Task material START

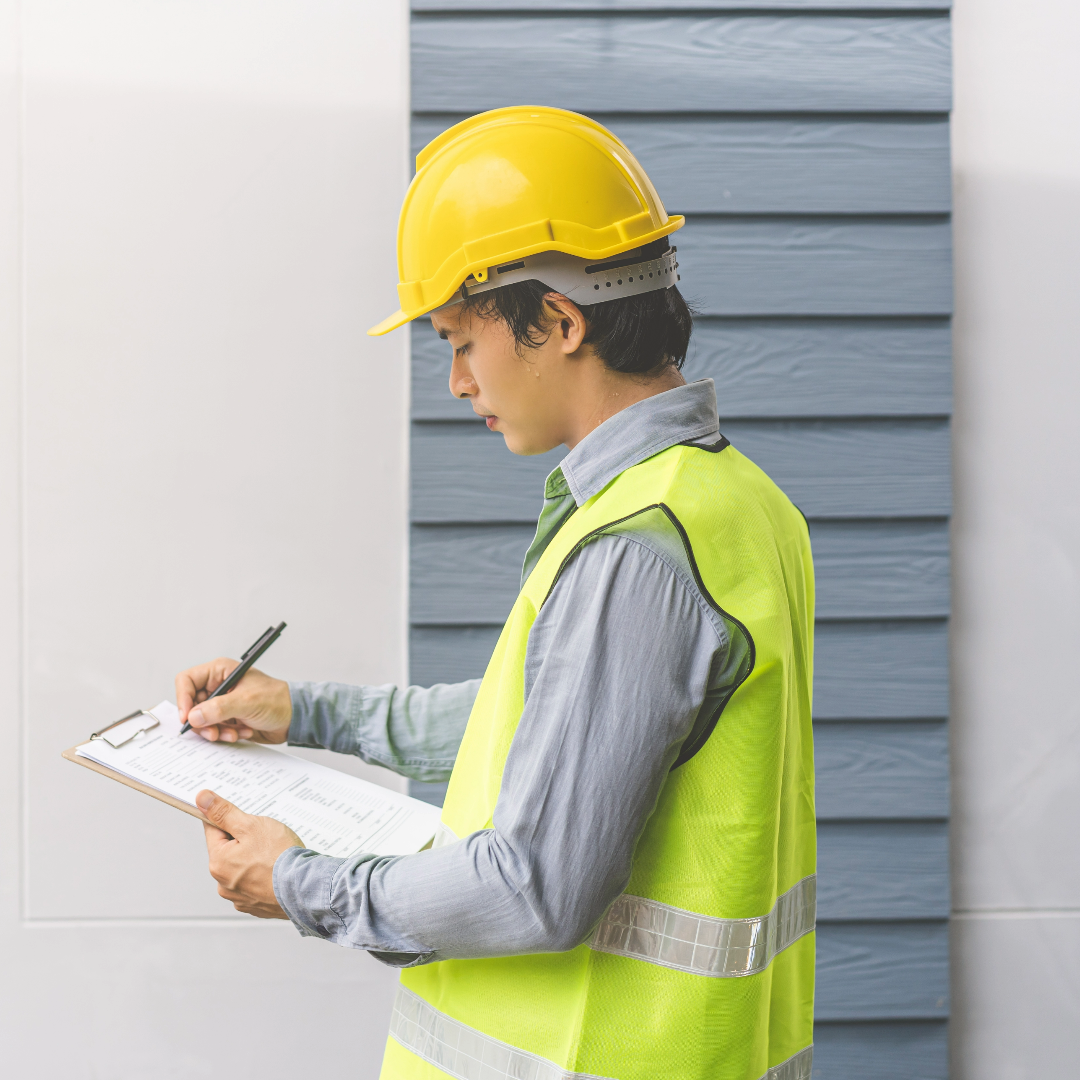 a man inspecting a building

Task material END
Task material START

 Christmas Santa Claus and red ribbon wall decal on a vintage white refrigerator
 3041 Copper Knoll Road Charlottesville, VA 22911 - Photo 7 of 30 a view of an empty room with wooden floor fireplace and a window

Task material END

● **About this exercise**:
Look through the material above and print exactly the lines from the one containing "Christmas Santa Claus" to the one containing "3041 Copper Knoll", both included, and nothing more.

● **Task response**:
 Christmas Santa Claus and red ribbon wall decal on a vintage white refrigerator
 3041 Copper Knoll Road Charlottesville, VA 22911 - Photo 7 of 30 a view of an empty room with wooden floor fireplace and a window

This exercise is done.